Sempre nel documento del MATTM, si ribadisce la forte determinazione a promuovere l'ecodesign, in tutti gli ambiti produttivi, e a sostenere la ricerca e la promozione delle tecnologie volte al recupero, riciclaggio e trattamento dei rifiuti, e si ribadisce l'importanza del tema dell'industria 4.0: la digitalizzazione e la gestione più efficiente dell'intero sistema produttivo possono contribuire a ottimizzare il consumo di risorse, riducendo gli sprechi energetici e gli scarti generati nel processo di produzione, e a promuovere la progettazione e la gestione di filiere integrate di produzione e de-produzione, rendendo possibile la simbiosi industriale.

Green Public Procurement e Criteri Ambientali Minimi
Come è noto, la Pubblica Amministrazione è il maggiore consumatore di beni e servizi e la spesa connessa rappresenta in Italia il 16% del PIL.

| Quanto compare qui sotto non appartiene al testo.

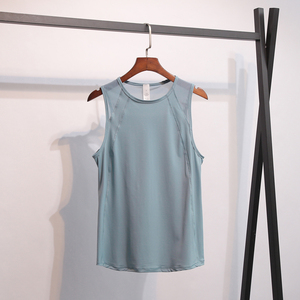 Débardeur court côtelé uni pour femme, sans manches, été, vente en gros du fabricant, nouveau, pas cher - Product Image 3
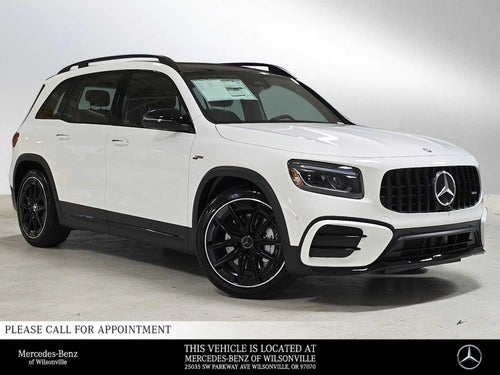 2026 Mercedes-Benz AMG® GLB 35 4MATIC® SUV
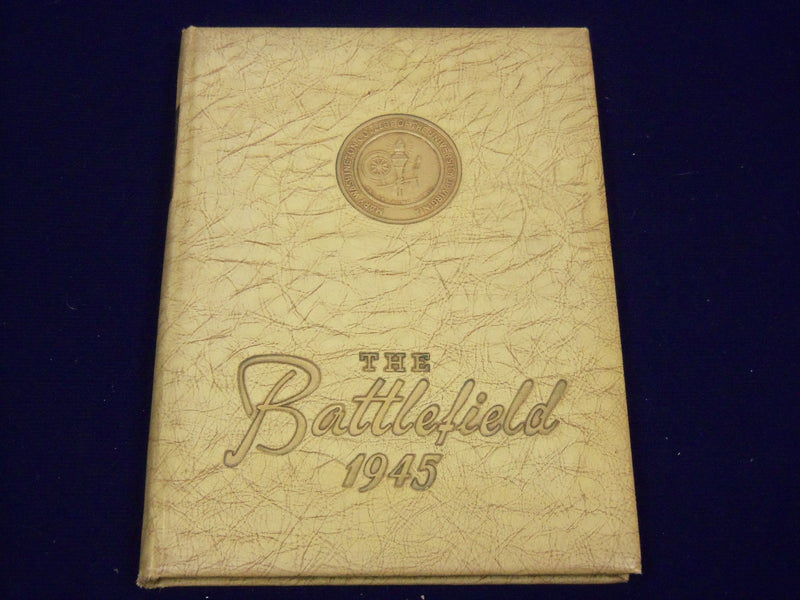 1945 THE BATTLEFIELD MARY WASHINGTON COLLEGE YEARBOOK - VIRGINIA - YB 648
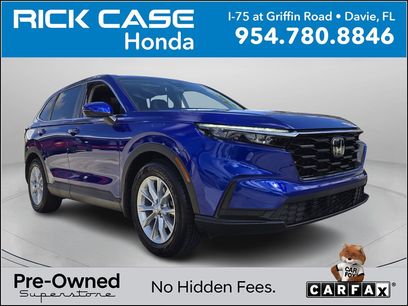 Used 2025 Honda CR-V EX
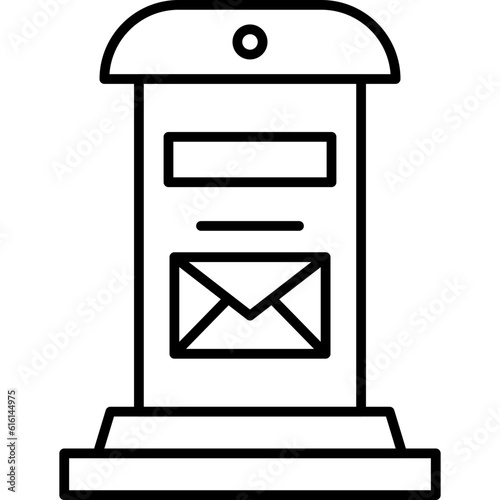 Letter Box Icon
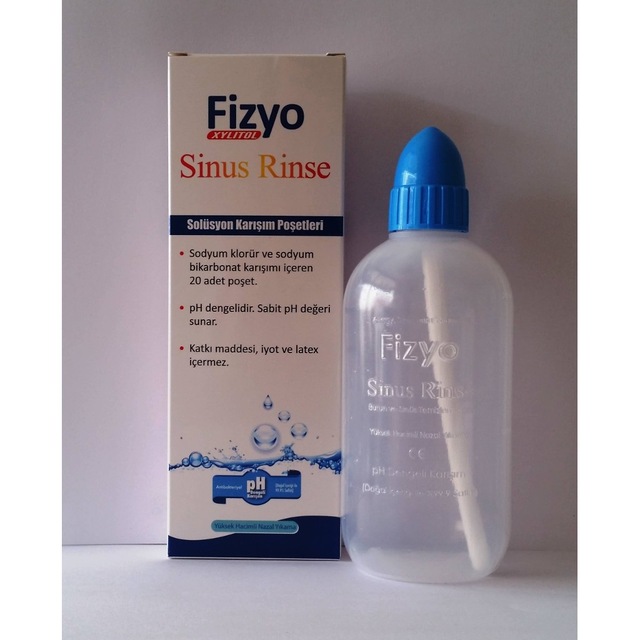 Fizyo Sinus Rinse Burun Yikama Kiti Sinuzit Buyukler Icin Fiyatlari Ve Ozellikleri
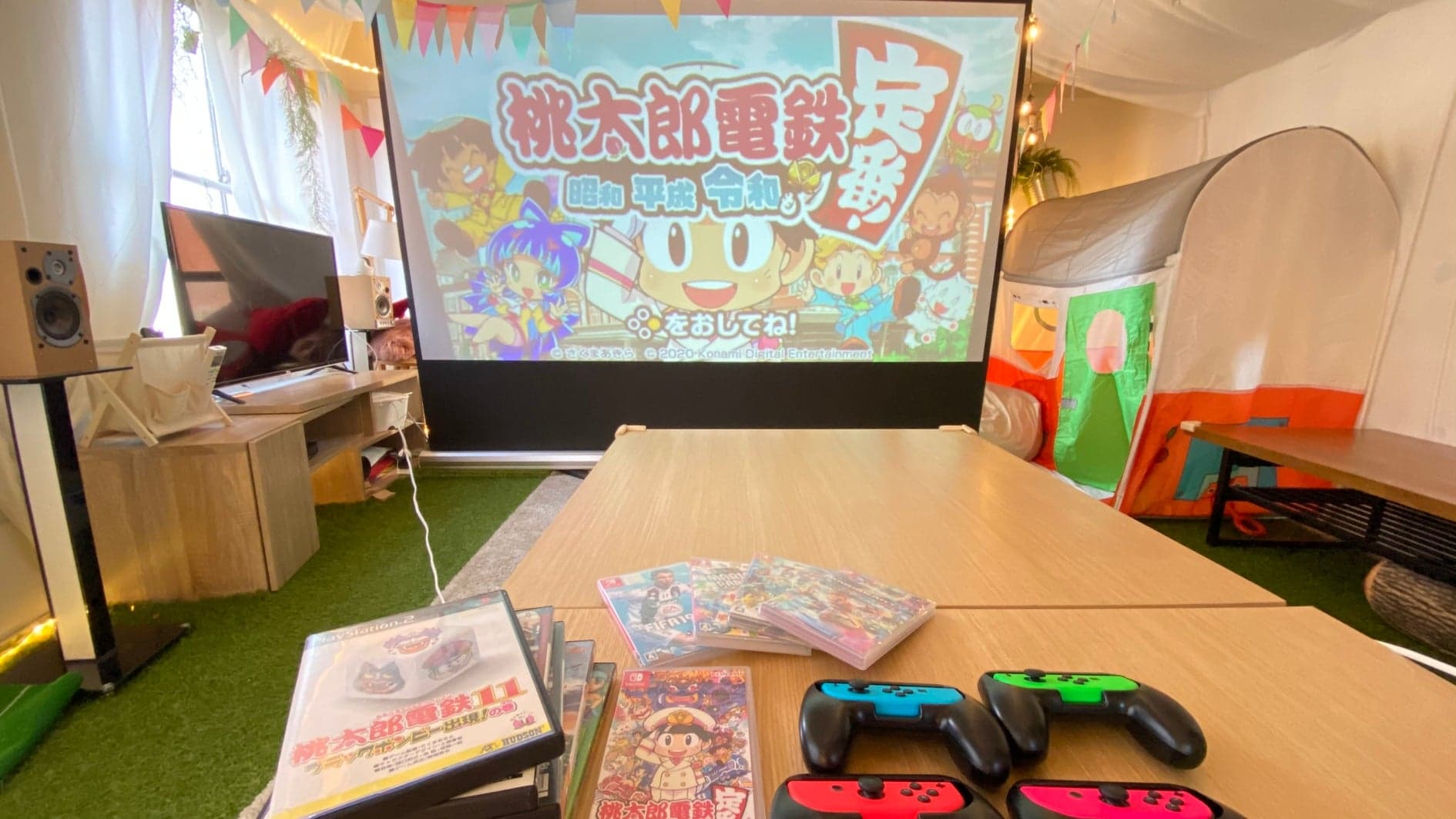 あの!人気の定番桃太郎電鉄が帰ってきた! 是非皆さんでマルチプレイでお楽しみください♪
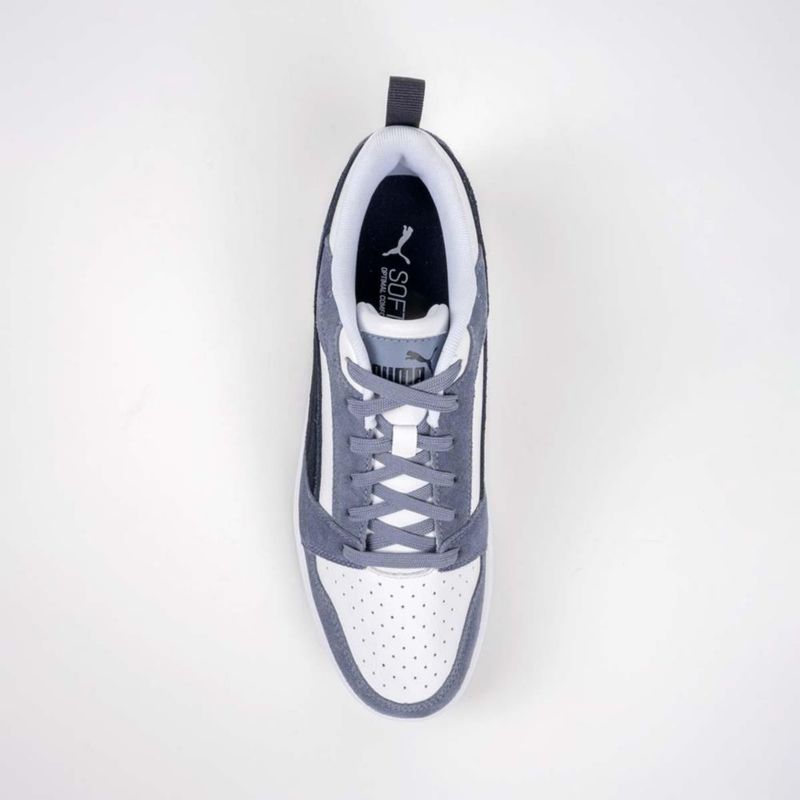 TENIS URBANO PISO PUMA 40226209 BLANCO AZUL NEGRO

Il potere di acquisto della Pubblica Amministrazione, veicolato su prodotti a ridotto impatto ambientale, rappresenta uno strumento strategico per spingere le imprese a produrre materie prime e beni con migliori prestazioni ambientali. L'acquisto pubblico può e deve essere fatto anche in base alla valutazione degli effetti sull'ambiente durante tutte le fasi del ciclo di vita: dalla produzione, alla fase d'uso, sino al fine vita. In quest'ambito la Pubblica Amministrazione può svolgere il ruolo fondamentale di esempio per tutti i consumatori, indirizzando le imprese verso produzioni più sostenibili per l'ambiente e ottenere così il miglioramento della qualità ambientale dei prodotti.

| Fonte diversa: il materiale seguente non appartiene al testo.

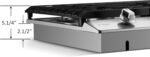 Fotile 30″ Tri-Ring Gas Cooktop GLS30501 - Image 5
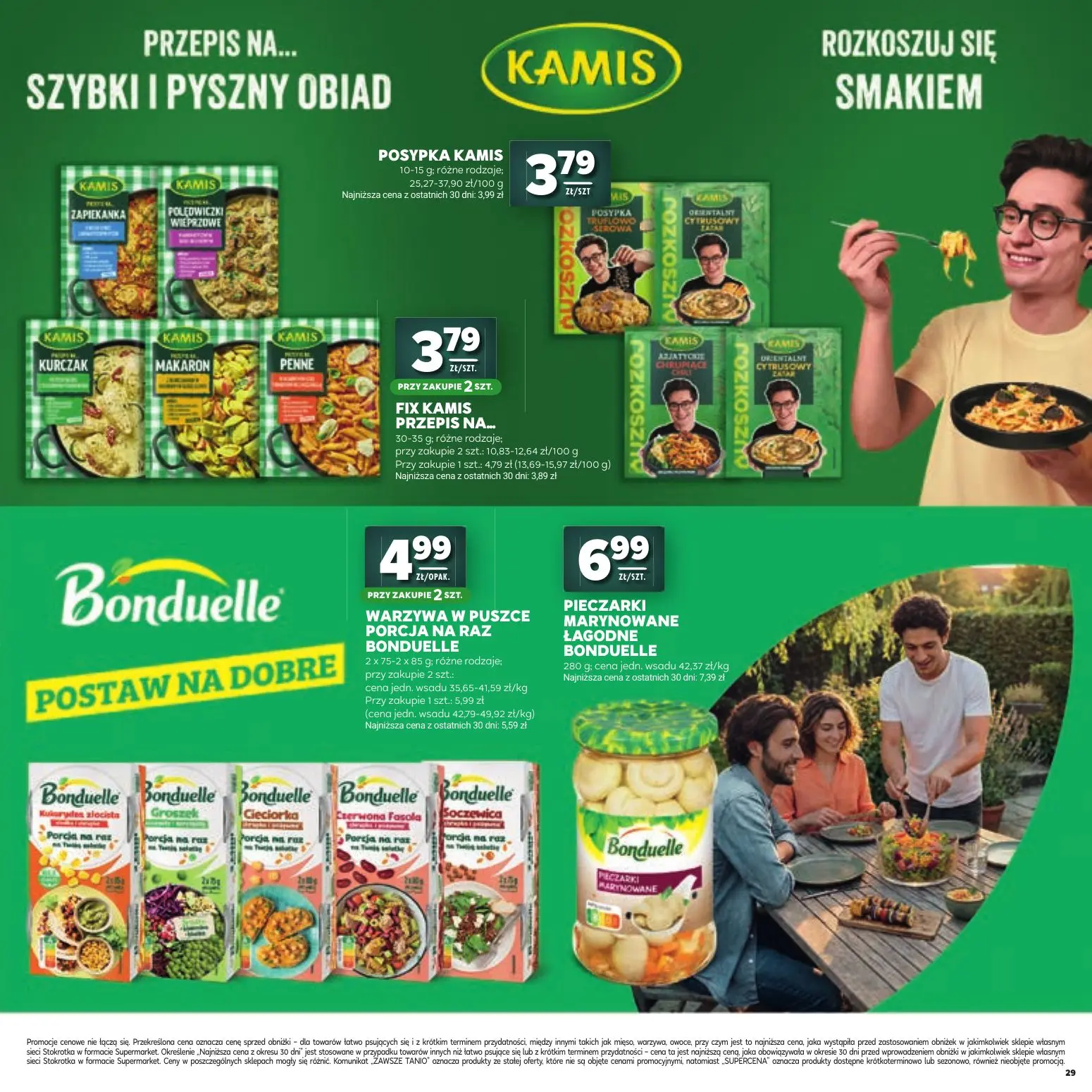 gazetka promocyjna Stokrotka Supermarket Witaj szkoło - Strona 29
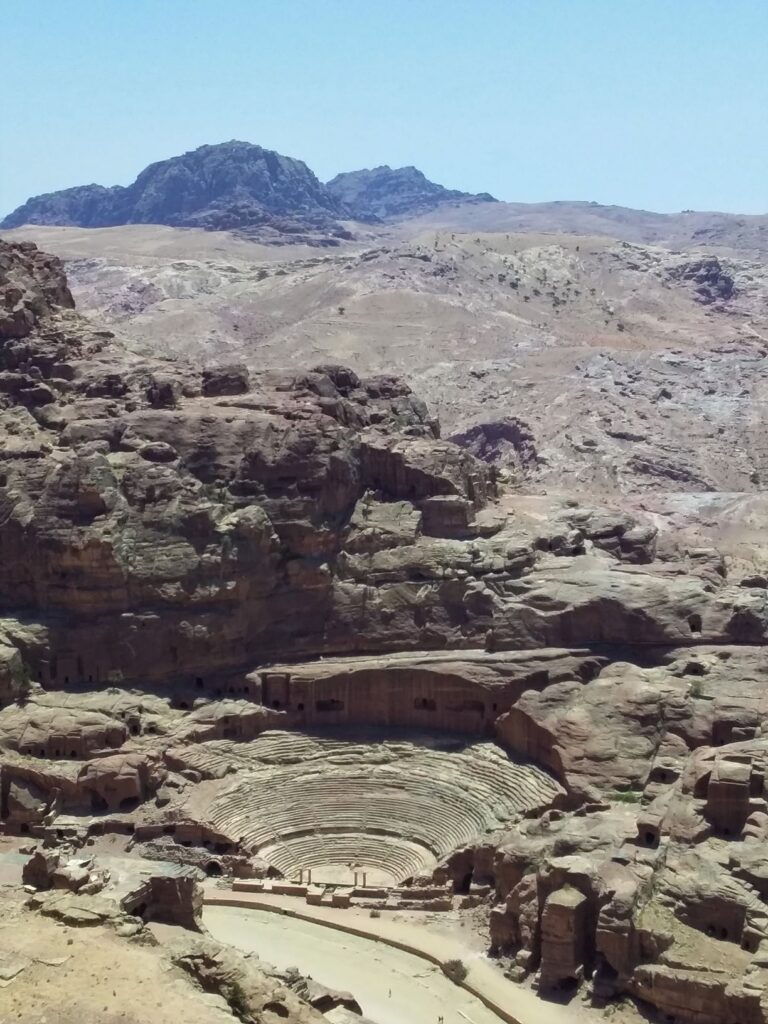 Theatre Petra Jordan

Il Green Public Procurement (GPP)3 è ufficialmente definito dalla Commissione Europea come "l'approccio in base al quale le Amministrazioni Pubbliche integrano i criteri ambientali in tutte le fasi del processo di acquisto, incoraggiando la diffusione di tecnologie e lo sviluppo di prodotti validi sotto il profilo ambientale, attraverso la ricerca e la scelta dei risultati e delle soluzioni che hanno il minore impatto possibile sull'ambiente lungo l'intero ciclo di vita".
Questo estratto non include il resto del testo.